The economy added 192,000 jobs in March, the Labor Department said Friday, slightly below economists’ forecast of 200,000 new jobs and under February’s revised total of 197,000. Employers added a combined 37,000 more jobs in January and February than previously estimated.
The March unemployment rate was unchanged at 6.7 percent, or 10.5 million, but at least a half-million Americans started looking for work last month, most of them finding relatively low paying positions. The number of people who are involuntary employed, part-time workers was little changed at 7.4 million in March, unable to work full time because their employers have scaled back on hours. Food services and drinking places logged in 30,000 jobs, making a whole 323,000 of the total for the year.
However, the increase in job-seekers is a sign that if Americans are optimistic about their prospects, then they will still seek a job in big numbers.
March’s job gain nearly matched last year’s average monthly total, suggesting that the economy will not likely average the 250,000 jobs monthly need to keep pace with current population growth.
Stock markets reacted favorably to the news. The broad S&P 500 index rose 0.36 percent to 1,895.59, while the Dow Jones Industrial average rose 0.23 percent to 16,610.96. The Nasdaq Composite rose 0.12 percent to 4242.98.
However, more than six years after the Great Recession, private employers have finally recovered all the jobs lost to the recession. The employers shed 8.8 million jobs in the downturn; they’ve since hired 8.9 million. Still, because the population has grown over that time, it is little cause for celebration. The lost economic growth in what is the recovery that never was has left the unemployment rate elevated, where it will likely remain without the BLS playing numbers games.
The proportion of Americans in the labor force — those either working or seeking work — has ticked up this year after steady declines since June of 2009. The labor force increased by 1.5 million in the January-March quarter after shrinking by 500,000 last year. The labor force for the majority of Barack Obama’s tenure has been at or even below that of Jimmy Carter’s tenure, over 30 years ago.

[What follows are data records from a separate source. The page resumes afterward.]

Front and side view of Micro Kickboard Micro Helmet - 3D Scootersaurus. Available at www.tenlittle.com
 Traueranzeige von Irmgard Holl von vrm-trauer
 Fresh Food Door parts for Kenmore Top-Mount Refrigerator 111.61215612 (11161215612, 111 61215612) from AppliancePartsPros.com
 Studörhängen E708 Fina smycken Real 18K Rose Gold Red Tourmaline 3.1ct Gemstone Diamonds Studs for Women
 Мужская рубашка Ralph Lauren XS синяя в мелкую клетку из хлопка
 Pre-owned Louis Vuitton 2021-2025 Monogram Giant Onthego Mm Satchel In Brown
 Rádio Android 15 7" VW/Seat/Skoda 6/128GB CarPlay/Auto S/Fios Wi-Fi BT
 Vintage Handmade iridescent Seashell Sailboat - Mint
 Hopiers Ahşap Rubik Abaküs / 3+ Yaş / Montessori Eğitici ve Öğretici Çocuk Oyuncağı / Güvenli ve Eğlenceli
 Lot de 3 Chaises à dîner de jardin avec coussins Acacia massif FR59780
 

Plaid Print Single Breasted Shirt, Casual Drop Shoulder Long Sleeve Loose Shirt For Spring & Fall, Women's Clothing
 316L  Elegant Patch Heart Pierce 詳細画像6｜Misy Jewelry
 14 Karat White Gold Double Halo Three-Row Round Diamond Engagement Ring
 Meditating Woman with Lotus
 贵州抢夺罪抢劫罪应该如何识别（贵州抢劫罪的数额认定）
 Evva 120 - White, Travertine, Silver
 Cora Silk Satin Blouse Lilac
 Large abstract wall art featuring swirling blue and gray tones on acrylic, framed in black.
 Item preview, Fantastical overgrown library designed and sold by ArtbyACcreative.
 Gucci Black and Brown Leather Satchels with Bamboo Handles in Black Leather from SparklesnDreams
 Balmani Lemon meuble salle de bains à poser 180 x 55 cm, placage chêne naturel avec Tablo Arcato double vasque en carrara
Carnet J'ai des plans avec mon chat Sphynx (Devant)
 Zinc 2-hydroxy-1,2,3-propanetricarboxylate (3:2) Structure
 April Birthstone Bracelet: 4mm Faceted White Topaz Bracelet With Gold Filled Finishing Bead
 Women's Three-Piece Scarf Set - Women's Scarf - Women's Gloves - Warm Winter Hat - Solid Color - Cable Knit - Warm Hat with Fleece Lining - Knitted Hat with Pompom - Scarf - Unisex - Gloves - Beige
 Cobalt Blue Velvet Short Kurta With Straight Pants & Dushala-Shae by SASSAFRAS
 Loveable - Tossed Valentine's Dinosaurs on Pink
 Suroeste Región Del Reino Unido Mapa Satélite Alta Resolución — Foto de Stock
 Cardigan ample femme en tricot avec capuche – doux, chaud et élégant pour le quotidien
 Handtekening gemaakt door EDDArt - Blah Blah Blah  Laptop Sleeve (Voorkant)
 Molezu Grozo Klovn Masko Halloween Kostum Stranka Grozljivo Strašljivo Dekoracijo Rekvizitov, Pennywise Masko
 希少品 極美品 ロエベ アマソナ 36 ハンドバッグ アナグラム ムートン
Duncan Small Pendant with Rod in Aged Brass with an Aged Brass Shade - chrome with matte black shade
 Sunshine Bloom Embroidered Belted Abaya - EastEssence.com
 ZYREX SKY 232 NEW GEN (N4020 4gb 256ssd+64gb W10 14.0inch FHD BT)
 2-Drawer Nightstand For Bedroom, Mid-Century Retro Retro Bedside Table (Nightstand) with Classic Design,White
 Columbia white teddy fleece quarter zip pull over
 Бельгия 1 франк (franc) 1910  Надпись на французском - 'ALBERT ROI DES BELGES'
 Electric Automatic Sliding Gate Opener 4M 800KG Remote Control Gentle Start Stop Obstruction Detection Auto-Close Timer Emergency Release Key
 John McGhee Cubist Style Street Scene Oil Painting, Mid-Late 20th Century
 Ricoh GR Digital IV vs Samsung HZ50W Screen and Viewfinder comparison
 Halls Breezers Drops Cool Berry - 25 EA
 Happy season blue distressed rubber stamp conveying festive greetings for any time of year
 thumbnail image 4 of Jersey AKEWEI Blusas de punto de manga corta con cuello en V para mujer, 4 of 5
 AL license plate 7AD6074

The labor force participation rate was 63.2 percent and the employment-population ratio was 58.9 percent, both numbers are nothing to get excited about and nearly the same as in February. The number of people employed part-time for economic reasons was also little changed at 7.4 million in March, according to the Labor Department.
The number of long-term unemployed (those jobless for 27 weeks or more) came in at 3.7 million, which changed little in March. Unfortunately, these individuals accounted for 35.8 percent of the unemployed.
Americans worked an average of 34.5 hours last month, up from 34.3 in February, but the increase, though small, means many Americans received larger weekly paychecks.
Yet, because of a variety of regulations holding down employers’ options, average hourly pay slipped a penny to $24.30 after a big 10-cent gain in February. The trend has been, in total, negative since the recession. These numbers were a big disappointment for many economists, who thought February’s larger-than-normal increase might signal the start of a trend.
Average hourly wages have risen 2.1 percent in the past year, but inflation has risen 1.1 percent in that time, eating much of Americans’ purchasing power.
Hiring averaged 178,000 in the first three months of this year, down from 198,000 a month in the final three months of 2013. But many economists forecast that hiring will average roughly 200,000 jobs a month for the rest of the year, which is still below the 250,000 needed to satisfy population increases and demand. Hiring at that pace may still lower the unemployment rate, however.
Many economists think growth slowed to a 1.5 percent to 2 percent annual rate in the January-March quarter, down from a 2.6 percent pace in last year’s fourth quarter. But most also forecast that steady hiring and less drag from government spending cuts should lift growth to nearly a 3 percent annual pace for the rest of the year.